### HOW TO COMPLETE THIS TASK
Below are some entries. Transcribe the lines from the one holding "Chanel grained calfskin" to the one holding "Traueranzeige für Waltraud", inclusive, but not the pictures among them.

### DATASET RECORDS
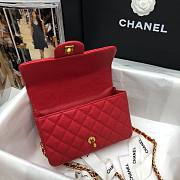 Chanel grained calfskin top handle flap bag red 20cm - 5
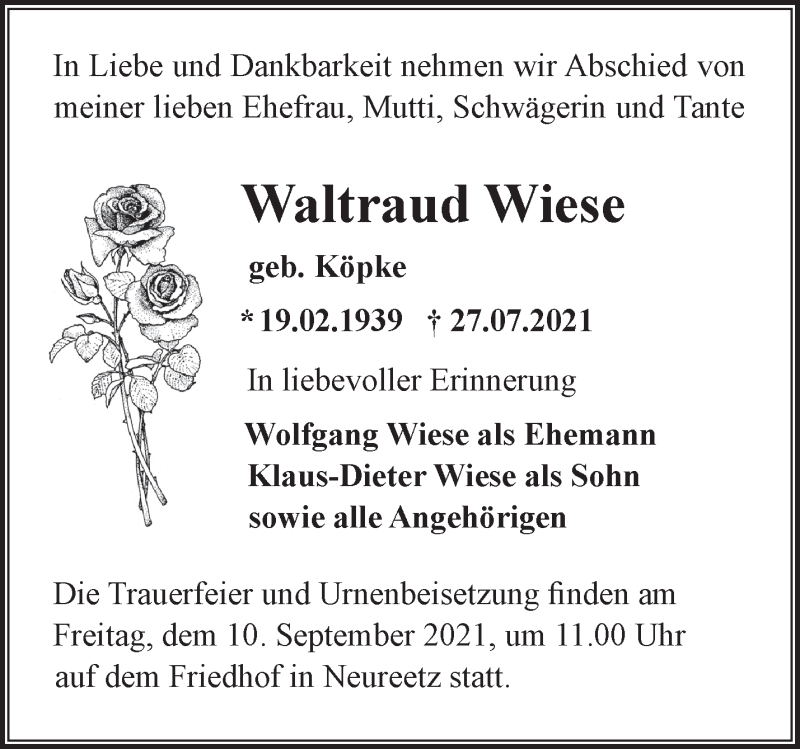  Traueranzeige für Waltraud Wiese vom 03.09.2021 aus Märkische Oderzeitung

* * *

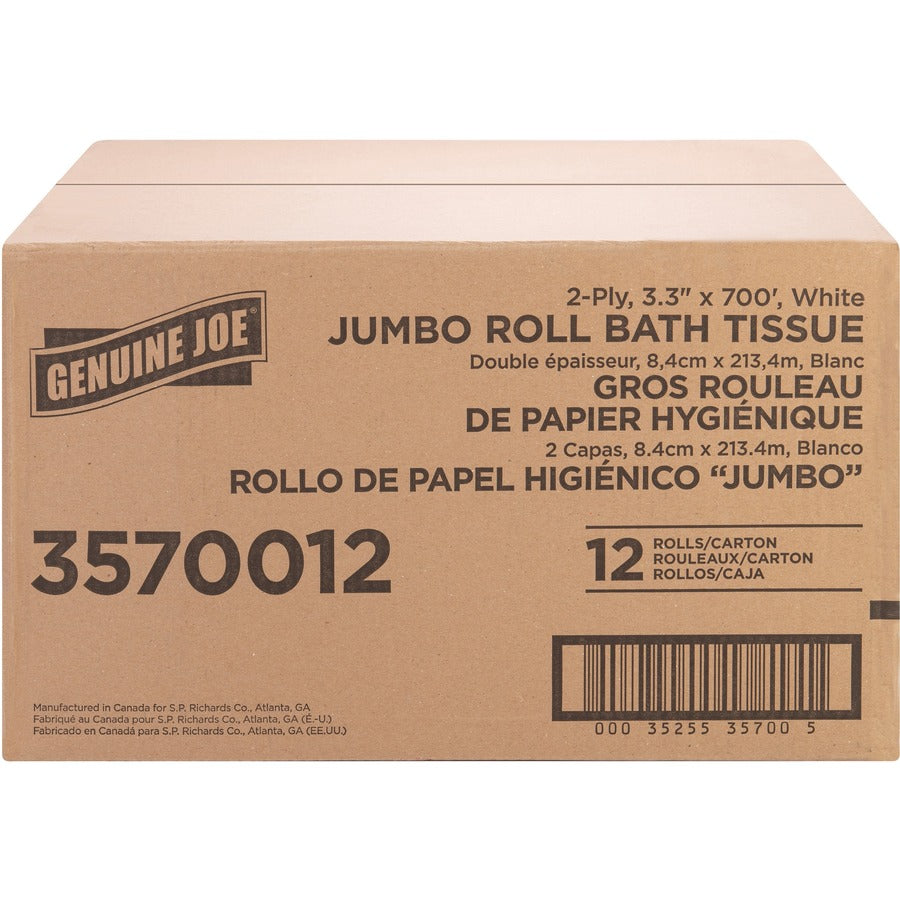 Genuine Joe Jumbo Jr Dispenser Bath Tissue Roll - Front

==

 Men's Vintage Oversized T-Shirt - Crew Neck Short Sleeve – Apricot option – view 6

### SOLUTION
 Chanel grained calfskin top handle flap bag red 20cm - 5
  Traueranzeige für Waltraud Wiese vom 03.09.2021 aus Märkische Oderzeitung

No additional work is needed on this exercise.